まだ見ぬ余市と出会う旅 北海道でも指折りのフルーツ王国。
次いで一行が向かったのは『ニトリ観光果樹園』。その名の通り、株式会社ニトリの似鳥昭雄社長が、 “地元発展のために”との思いで前オーナーより引き継いだ果樹園で、春から晩秋の間さまざまな果実狩りを楽しむことができます。この日、食べ頃を迎えていたのはサクランボ。似鳥靖季氏の案内で広大な園内を歩きながら、ゲストたちは赤く色づいたサクランボを口に運びます。
実は余市は明治時代にアメリカから持ち帰ったリンゴの苗木が、はじめてこの地で実をつけたという日本におけるリンゴ発祥の地。さらにサクランボ、イチゴ、桃、ブルーベリーなどさまざまな果物が育てられるフルーツ王国。次いで訪れた『アイケイファーム余市』ではさまざまな品種が栽培されるブルーベリー畑の見学と試食を体験し、フルーツ王国の実力を改めて実感した一行。香り豊かでみずみずしいフルーツの存在は、北海道の中で比較的温暖で、豊かな大地に恵まれた余市の象徴といえそうです。
次なる目的地はミニトマトを栽培する『有限会社カワイ』。ハウスの中で色づくトマトに反応を示したのは、福山氏と高田氏のふたりのシェフでした。
生産者の川合秀一氏に品種、特徴、栽培方法など次々と質問を投げかけるふたり。それほど質問をぶつける理由は、トップシェフのふたりが驚くほど、川合氏のトマトがおいしかったから。
「香りが良く、旨味も強い」
とトマトを称賛するシェフ。各地の食材を知り尽くすシェフの称賛は、川合氏にとっても励みになったかもしれません。
まだ見ぬ余市と出会う旅 余市ワインの底力を知る“余市の審判”がスタート。
この日のディナーと宿泊は、余市駅前にあるホテル『Yoichi LOOP』にて。“ワインを楽しむホテル”として設計されたホテルで、素材感を活かしたシンプルな客室と、豊富なワインストックを備えたダイニングが魅力です。
ディナーはそんな『Yoichi LOOP』のダイニングにて、料理長・仁木偉氏が腕を振るうコース。

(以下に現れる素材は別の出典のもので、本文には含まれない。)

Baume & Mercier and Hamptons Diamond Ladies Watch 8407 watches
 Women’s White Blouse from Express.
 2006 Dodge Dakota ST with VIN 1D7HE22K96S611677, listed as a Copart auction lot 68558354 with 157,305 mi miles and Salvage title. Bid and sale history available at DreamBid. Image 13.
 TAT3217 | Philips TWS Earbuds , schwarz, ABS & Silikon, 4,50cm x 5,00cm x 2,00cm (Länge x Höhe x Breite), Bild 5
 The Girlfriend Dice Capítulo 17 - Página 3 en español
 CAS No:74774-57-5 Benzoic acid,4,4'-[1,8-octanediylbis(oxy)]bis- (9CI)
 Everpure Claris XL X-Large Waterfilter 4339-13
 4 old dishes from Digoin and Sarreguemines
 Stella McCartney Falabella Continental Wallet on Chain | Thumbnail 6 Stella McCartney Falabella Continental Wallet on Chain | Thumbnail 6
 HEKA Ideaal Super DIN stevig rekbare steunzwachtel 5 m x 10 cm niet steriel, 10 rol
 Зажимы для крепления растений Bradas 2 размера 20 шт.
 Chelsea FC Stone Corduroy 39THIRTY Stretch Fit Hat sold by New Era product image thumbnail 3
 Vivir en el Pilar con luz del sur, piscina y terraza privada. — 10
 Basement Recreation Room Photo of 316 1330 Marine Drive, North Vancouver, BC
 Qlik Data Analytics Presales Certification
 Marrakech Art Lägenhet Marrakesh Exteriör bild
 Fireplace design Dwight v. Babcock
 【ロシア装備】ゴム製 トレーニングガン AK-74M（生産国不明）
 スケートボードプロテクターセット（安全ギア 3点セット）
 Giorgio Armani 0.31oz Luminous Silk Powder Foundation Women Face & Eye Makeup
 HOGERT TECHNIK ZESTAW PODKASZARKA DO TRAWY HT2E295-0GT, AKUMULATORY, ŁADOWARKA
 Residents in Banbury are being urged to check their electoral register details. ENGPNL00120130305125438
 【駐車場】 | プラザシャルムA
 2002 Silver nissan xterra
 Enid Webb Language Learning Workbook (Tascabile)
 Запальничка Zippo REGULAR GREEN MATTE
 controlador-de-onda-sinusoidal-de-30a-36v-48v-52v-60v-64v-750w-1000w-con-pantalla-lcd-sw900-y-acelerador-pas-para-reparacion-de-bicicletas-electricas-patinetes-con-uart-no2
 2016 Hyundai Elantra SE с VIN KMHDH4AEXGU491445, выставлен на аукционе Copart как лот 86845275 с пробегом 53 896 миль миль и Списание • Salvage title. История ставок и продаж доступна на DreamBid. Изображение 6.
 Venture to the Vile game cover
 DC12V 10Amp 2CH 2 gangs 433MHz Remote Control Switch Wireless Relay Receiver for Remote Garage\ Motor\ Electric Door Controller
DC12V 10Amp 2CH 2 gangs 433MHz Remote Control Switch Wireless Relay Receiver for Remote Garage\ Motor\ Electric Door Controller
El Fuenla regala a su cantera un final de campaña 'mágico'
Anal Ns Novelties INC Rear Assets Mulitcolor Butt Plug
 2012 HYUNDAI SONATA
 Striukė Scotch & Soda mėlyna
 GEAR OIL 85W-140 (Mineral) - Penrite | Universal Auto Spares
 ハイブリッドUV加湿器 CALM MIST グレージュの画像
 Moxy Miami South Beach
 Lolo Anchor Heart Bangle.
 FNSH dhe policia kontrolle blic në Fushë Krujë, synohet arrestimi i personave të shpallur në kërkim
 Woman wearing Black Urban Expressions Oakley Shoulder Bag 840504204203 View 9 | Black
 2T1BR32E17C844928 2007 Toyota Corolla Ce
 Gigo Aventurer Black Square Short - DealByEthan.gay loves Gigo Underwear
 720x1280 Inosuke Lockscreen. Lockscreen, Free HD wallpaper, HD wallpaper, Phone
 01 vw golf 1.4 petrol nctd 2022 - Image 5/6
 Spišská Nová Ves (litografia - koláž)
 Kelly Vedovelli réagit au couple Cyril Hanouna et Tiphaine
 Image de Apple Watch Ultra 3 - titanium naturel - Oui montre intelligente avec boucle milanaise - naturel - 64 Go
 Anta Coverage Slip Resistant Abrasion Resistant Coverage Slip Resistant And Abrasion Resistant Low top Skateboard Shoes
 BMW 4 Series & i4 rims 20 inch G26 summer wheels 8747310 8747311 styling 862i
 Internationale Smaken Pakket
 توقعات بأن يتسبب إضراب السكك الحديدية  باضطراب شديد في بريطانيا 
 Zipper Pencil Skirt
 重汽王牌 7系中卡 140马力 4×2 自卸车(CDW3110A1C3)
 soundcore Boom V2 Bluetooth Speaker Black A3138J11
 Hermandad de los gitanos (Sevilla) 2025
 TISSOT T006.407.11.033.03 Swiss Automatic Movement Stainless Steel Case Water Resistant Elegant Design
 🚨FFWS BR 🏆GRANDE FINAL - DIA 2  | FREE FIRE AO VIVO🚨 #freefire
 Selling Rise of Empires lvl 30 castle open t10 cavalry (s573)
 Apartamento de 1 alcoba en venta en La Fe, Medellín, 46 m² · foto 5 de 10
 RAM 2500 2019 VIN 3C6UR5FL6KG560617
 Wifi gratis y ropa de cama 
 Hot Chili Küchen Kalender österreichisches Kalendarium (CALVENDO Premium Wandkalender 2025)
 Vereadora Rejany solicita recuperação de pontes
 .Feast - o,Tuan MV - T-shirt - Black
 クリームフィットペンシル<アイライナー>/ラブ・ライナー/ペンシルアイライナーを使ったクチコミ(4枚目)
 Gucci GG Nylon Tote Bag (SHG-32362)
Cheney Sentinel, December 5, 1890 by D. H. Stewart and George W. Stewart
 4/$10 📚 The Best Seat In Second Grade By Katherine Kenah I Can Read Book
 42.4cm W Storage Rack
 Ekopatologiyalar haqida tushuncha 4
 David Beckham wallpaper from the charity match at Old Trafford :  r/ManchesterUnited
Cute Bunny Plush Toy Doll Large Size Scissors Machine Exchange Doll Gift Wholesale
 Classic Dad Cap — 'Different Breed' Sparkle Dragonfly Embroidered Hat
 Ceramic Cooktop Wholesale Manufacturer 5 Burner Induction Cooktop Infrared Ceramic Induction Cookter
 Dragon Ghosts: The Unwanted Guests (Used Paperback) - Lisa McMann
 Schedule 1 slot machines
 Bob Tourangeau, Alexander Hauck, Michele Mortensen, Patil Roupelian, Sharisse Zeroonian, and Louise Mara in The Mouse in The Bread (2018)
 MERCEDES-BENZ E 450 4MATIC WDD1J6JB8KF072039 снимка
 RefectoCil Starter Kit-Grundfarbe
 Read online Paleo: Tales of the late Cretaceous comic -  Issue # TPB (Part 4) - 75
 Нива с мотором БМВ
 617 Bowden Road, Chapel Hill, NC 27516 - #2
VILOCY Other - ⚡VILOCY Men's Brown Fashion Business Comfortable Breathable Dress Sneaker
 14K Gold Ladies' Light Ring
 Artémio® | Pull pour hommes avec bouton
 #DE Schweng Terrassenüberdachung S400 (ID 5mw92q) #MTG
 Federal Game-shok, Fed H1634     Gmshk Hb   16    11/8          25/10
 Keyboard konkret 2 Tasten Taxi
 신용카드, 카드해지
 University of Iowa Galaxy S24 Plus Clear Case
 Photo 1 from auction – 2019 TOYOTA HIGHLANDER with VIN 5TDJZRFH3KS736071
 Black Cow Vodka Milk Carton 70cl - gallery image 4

『京都吉兆』で日本料理を学んだ後にフランス料理に転向し、さらにスペインに渡りガリシアやバスクの星付き店で修業を重ねた仁木氏が、地元食材を使ったコースを仕立てます。
そして合わせるワインは、余市町長・齊藤啓輔氏の発案により、ボトル全体を覆って隠したブラインドテイスティング方式に。それぞれの料理に合わせる2種のワイン、方や世界の銘醸地のワイン、方や余市のワイン。それを参加者が楽しみながら当てていく、という趣向。
それは言うなれば、いまから40数年前、フランス産だけが本格ワインといわれていた常識をカリフォルニアワインが覆した通称“パリスの審判”の余市版といえる試みでした。
ディナーには地元のワイン醸造家も同席し、緊張感ある晩餐になるかと思いきや、そこはワインと余市の穏やかな空気の力。テーブルは終始和やかで、ワインを囲む食卓の楽しさを改めて伝えてくれました。
しかしいずれもワインの造詣には自信のあるゲストたち、テイスティングには本気。シャンパーニュか余市か、ブルゴーニュか余市か、じっくりとグラスを傾けながら、真剣に吟味します。
結論は、発案者である齊藤町長も驚くほどに、見事なまでの真っ二つ。全問正解者はひとりとしておらず、それぞれの飲み比べでも、ほぼ半数ずつが余市産ワインをフランスワインと間違える結果に。それは余市産ワインが世界基準に達していることを証明する、歴史的なシーンとなりました。
YOICHI LUXURY TOURISMワインづくりの現場で聞いた、醸造家の本音。
一夜明けて翌朝。
この日はまず、昨夜のディナーでゲストたちを驚かせたワイナリーを見学します。日本ワインを語る上で必ず名の挙がる醸造家・曽我貴彦氏の『ドメーヌ タカヒコ』と、そこで2年間修業を積んだ後に独立した山中敦生氏の『ドメーヌ モン』。いまや日本を代表する2軒のワイナリーを巡り、試飲と解説を受けます。
曽我氏と、曽我氏の教えを受けた山中氏がともに目指すのは、農産物としてのワイン。特別な技術や道具を使って醸すのではなく、ブドウ生産者が真似できるようなワイン。それは決して雑につくるというのではなく、農産物のように自然や環境に任せながらつくるということ。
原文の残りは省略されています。